Saturday, March 12, 2016

Red Tulip

Before I could tell you
that my mother, yesterday,
had won a golf tournament,
you were on your way to the conference Downtown
on dismantling racism in medicine.

After you left,
I shut the door
and drank coffee in silence.
And spent an hour or more, wiping stains
the sun had left behind during yesterday's sunset.
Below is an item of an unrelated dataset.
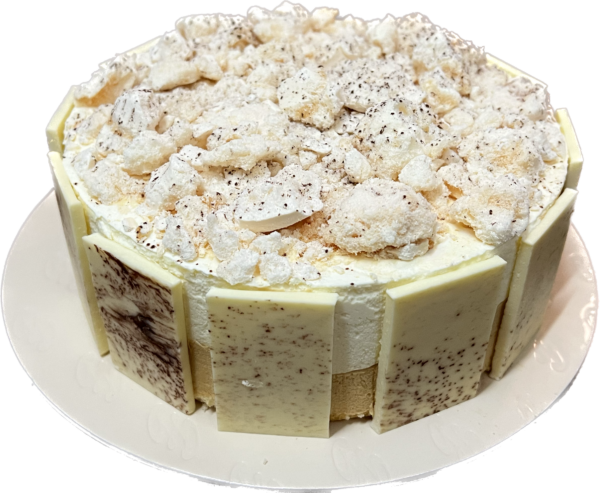 Tarta Polvito Uruguayo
Outside, clouds were weeping rain,
and winds were hissing at trees
coated with layers of Winter.

I noticed your ocean blue Littman stethoscope
laying down on the living room table,
its metallic ribs exposed to a napkin of darkness.
And I picked it up by its eartips and tapped
at the centers of the tunable diaphragms;
Anatomies,
that have amplified for you, sounds of life and death 

After a while, when the rain had collapsed into a trickle,
And the sky was a shred of dysmorphic clouds,
I put the stethoscope on the chest of a red tulip
standing, coyly, on my living room table, with crinkled lips
and angina. And all I heard was Silence.
I shifted the chestpiece to the region near the stem 
to hear sounds of tulip roots dining on fractions of atmosphere,
but all I heard again was Silence.
Petals, once asthmatic,
had de-pigmented. Ovaries had miscarried.
The anthers and filaments had lost their pollen
to exoskeletons of air currents. And tears had crusted
along their sepals. What remained now was only a red shell,
with magenta stripes and rigor mortis.

On my notebook, I recorded
Time of death, 9 am, Saturday, March Twelfth.